[TASK STATEMENT]:
An exact transcription of the entries is required, with no images included.

[THE INPUT]:
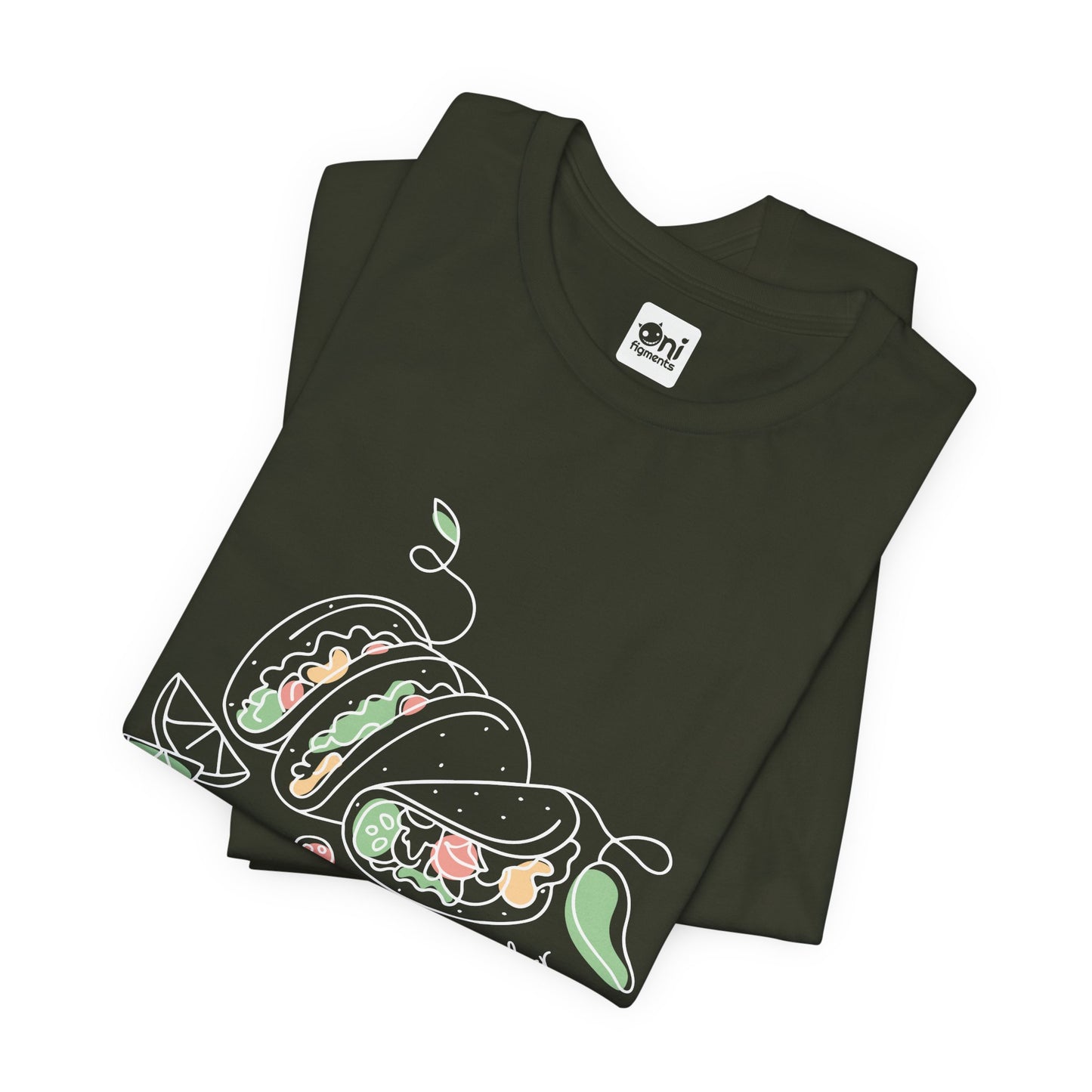 dark-olive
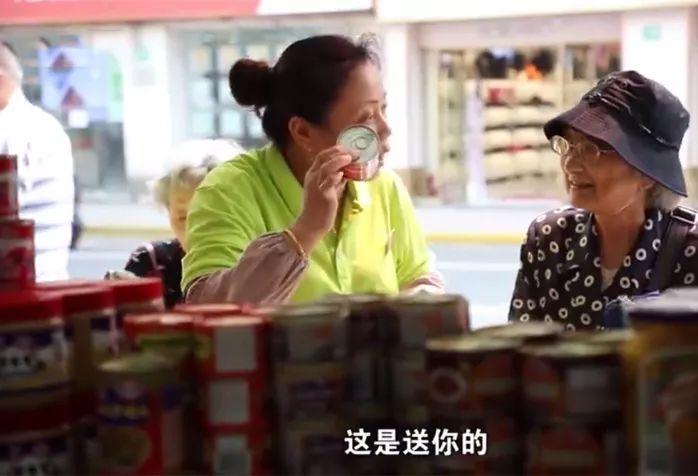 上海|想花1折的钱,买到进口的精致生活?跟着上海阿姨走就对了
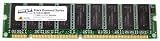 Memory-Up Exclusive 128MB ECC SDRAM DIMM Upgrade for Dell Dimension XPS XPS Desktop PC100 Computer Memory (RAM)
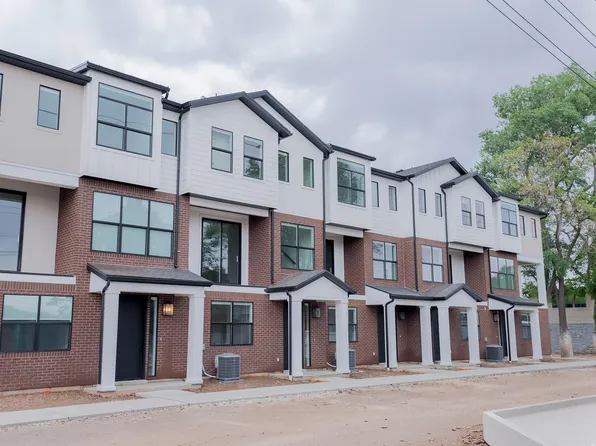 948 E Grape Ivy Way S #103, Millcreek, UT 84106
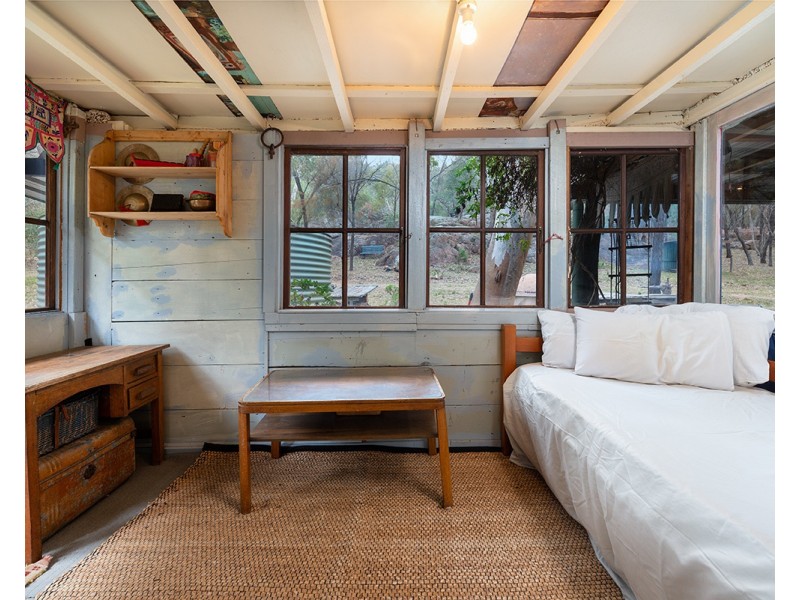 210 Wyaldra Lane, Mudgee NSW 2850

[EXPECTED ANSWER]:
 dark-olive
 上海|想花1折的钱,买到进口的精致生活?跟着上海阿姨走就对了
 Memory-Up Exclusive 128MB ECC SDRAM DIMM Upgrade for Dell Dimension XPS XPS Desktop PC100 Computer Memory (RAM)
 948 E Grape Ivy Way S #103, Millcreek, UT 84106
 210 Wyaldra Lane, Mudgee NSW 2850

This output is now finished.